Israeli red and white wines were poured generously, with a Dalton 2009 oak-aged Shiraz and Tishbi’s 2010 Sauvigon Blanc. The recorded jazz tunes of Avishai Cohen, an Israeli bassist who frequently performs in New York, played in the background.
Before the main course, servers brought out ramekins of shakshuka with zaatar, a Libyan traditional dish made of poached eggs in a spicy sauce; here roasted peppers were used instead of the usual tomatoes.
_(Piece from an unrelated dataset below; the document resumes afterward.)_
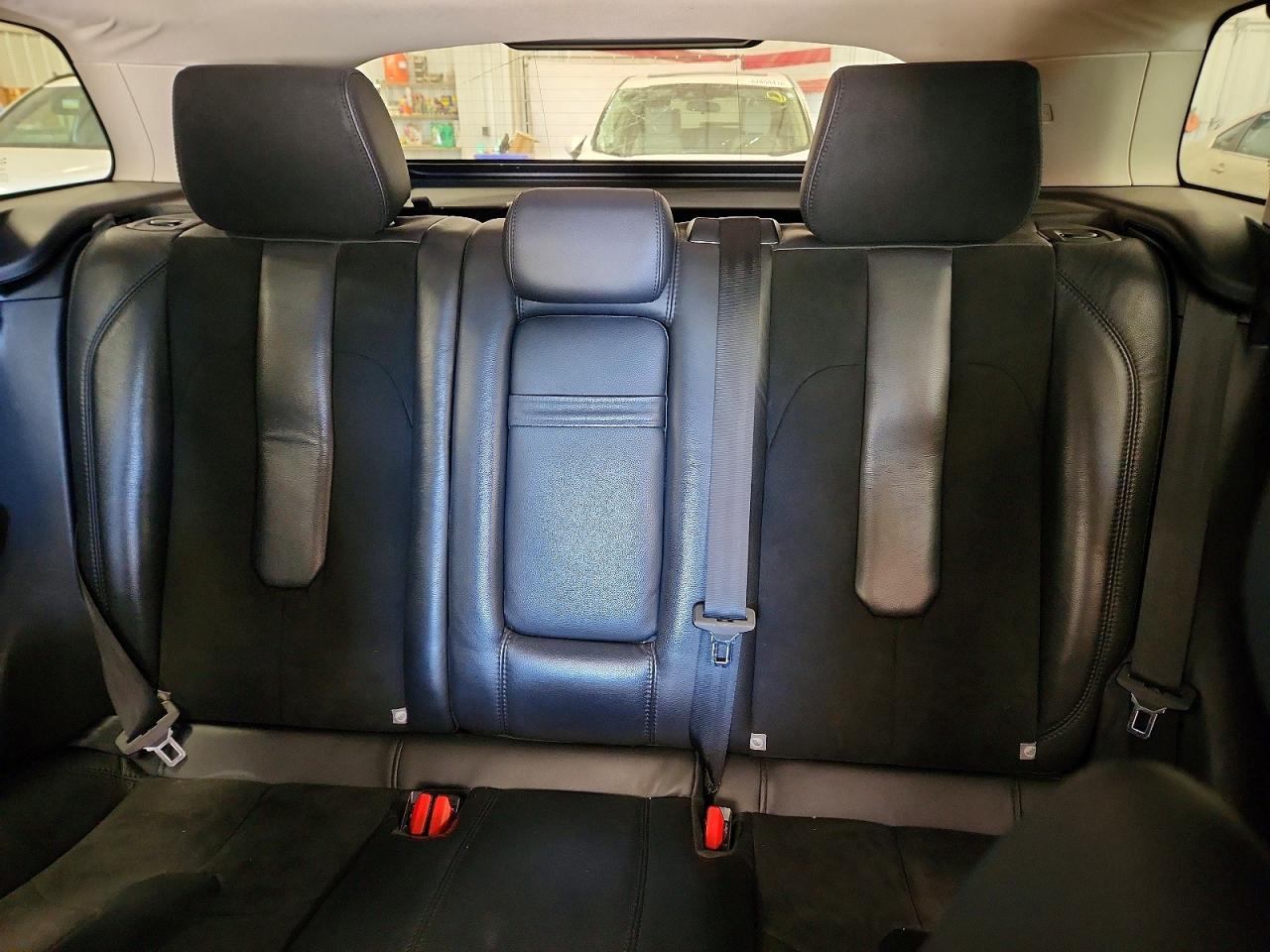 2013 Land Rover Range Rover Evoque Pure Серый vin: SALVN2BG5DH772152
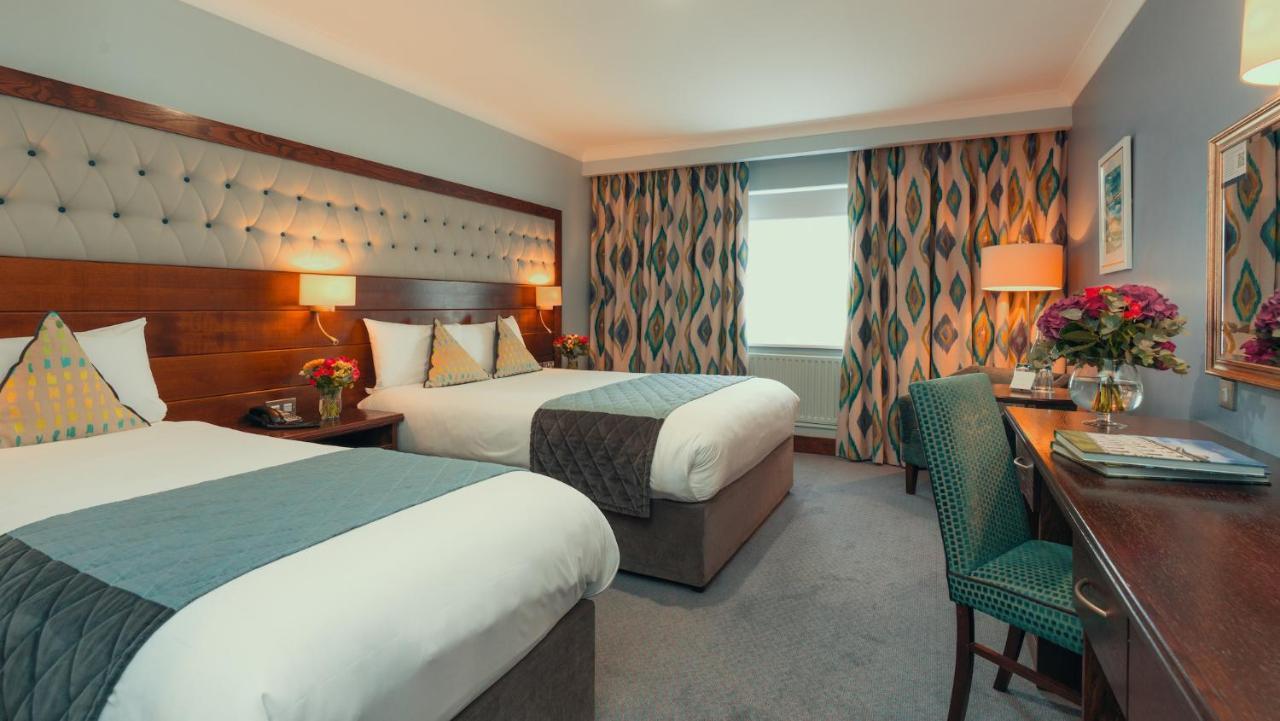 Cavan Crystal Hotel ภายนอก รูปภาพ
Diners then chose between roasted lamb with rosemary, garlic and pomegranate mujadrah, or grilled cod with saffron and preserved lemon, with toasted Israeli couscous. Lenchner explained that lamb is a very popular Middle Eastern dish and the mujadrah, a rice pilaf with lentil and fried onions, is a Palestinian dish that he first tasted in an Arab village in the Galilee 20 years ago. Tracing the origins of these dishes, he said, can be difficult as the different cultures overlap.
For dessert, Yair carefully cross-hatched each rectangular plate with amber-colored silan, a kind of date syrup, before adding the centerpiece, kataifi with pistachios and rosewater, a shredded wheat confection seen all over the Middle East. The Lenchner version includes marinated figs and barberry, a tiny sour fruit often used in Iranian cooking.
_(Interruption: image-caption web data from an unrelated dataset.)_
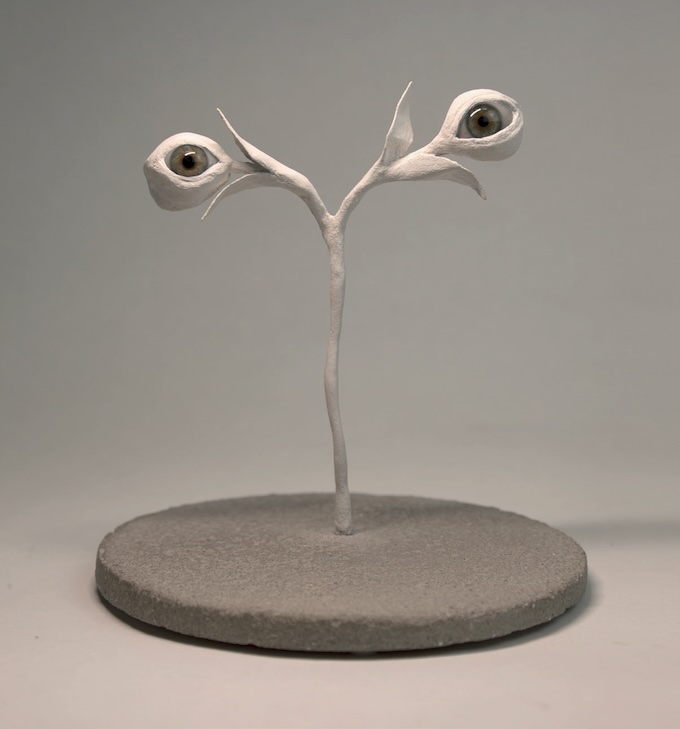Ali Cherri, Lucie, 2023, prothèses oculaires en verre, bois, laiton, pâte époxy, enduit © Ali Cherri Studio. Collection privée. Courtesy de l’artiste Ali Cherri, Lucie, 2023, prothèses oculaires en verre, bois, laiton, pâte époxy, enduit © Ali Cherri Studio. Collection privée. Courtesy de l’artiste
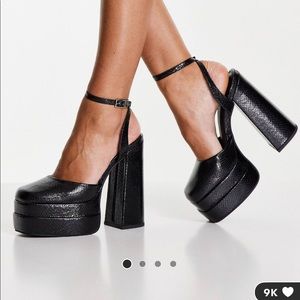 Platform black snake shoes size 9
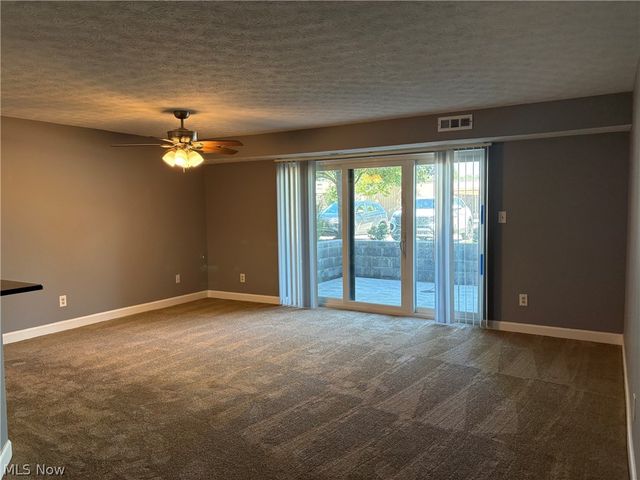 9600 Cove Drive B2, North Royalton, OH 44133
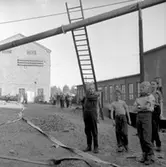 Brandkåren i Ställdalen, brandsläckningsarbete, brandmän och barn.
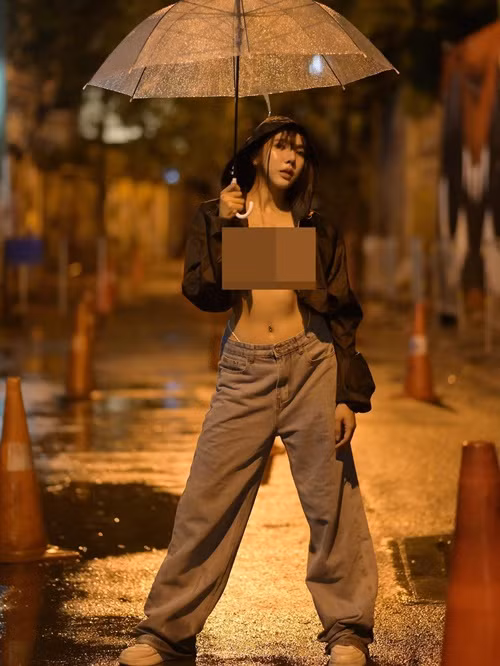 Khoe vòng một trên phố, Sirada Sirithap đi ngược lại quy chuẩn về trang phục thông thường.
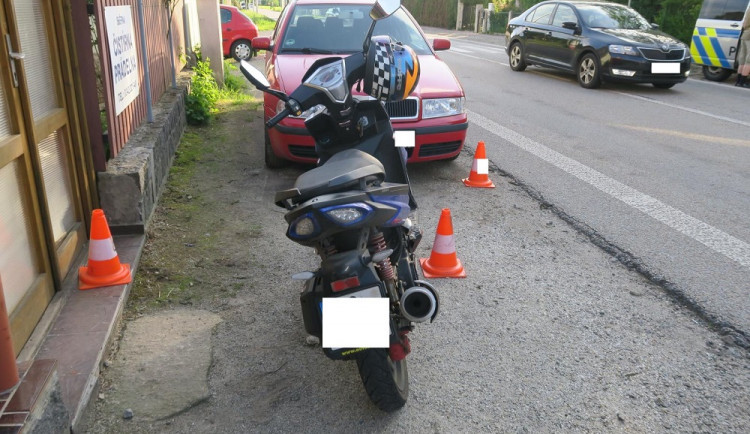 Opilý muž na skútru přejel do protisměru. Poškodil dvě auta a hlavou narazil do dveří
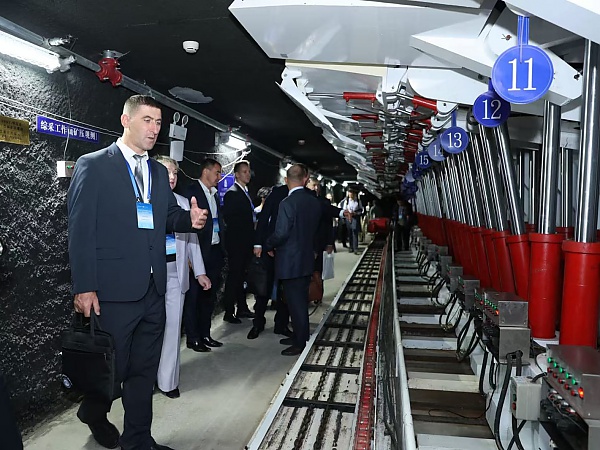 Посещение учебной шахты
Dan Lenchner, who was born in Israel (he came here as a child and later returned and served in the Israel Defense Forces), admits to a sentimental attachment to Israeli food.
“For the longest time, that meant falafel and hummus,” he said, acknowledging that until about 10 years ago, Israelis didn’t take their own food seriously. Now, he says, more respect is being paid to simple foods from Libya, Morocco, Egypt, Lebanon and other places, and Israeli food is a fusion of Sephardic food from all of these places from which immigrants came.
But unlike “American fusion” food that is driven by restaurants and chefs, the particular Israeli fusion is naturally occurring, driven by people of different backgrounds who live side by side and taste each other’s cooking, he said. And now, immigrants from Eritrea, Ethiopia, West Africa, Sudan, Vietnam and China are adding to the mix.
Diners at Manna’s Israeli pop-up included one woman whose wedding was catered by Manna with two friends; another woman, along with her grandparents, whose upcoming wedding will be a Manna affair; a pair of friends from Brooklyn planning a gala event for their school; a couple of party planners and their guests and others who had heard about it via word of mouth.
When asked about the success of the series of pop-ups, Lenchner said, “It depends on your definition of success. Not as a stand-alone business proposition, and we’ve only broken even. On the other hand, they’ve been successful in that people enjoy them now and we’ve had quite a few repeat customers. And it gives us an opportunity to communicate with our customers in a way we don’t do otherwise.
“Also, success is having fun, which is a big deal,” he adds.
Manna’s next pop-up dinner will be on April 26, with an Italian spring theme. For reservations, e-mail manna@mannacatering.com. The cost is $100 per person exclusive of tax and tip, with red and white wines included.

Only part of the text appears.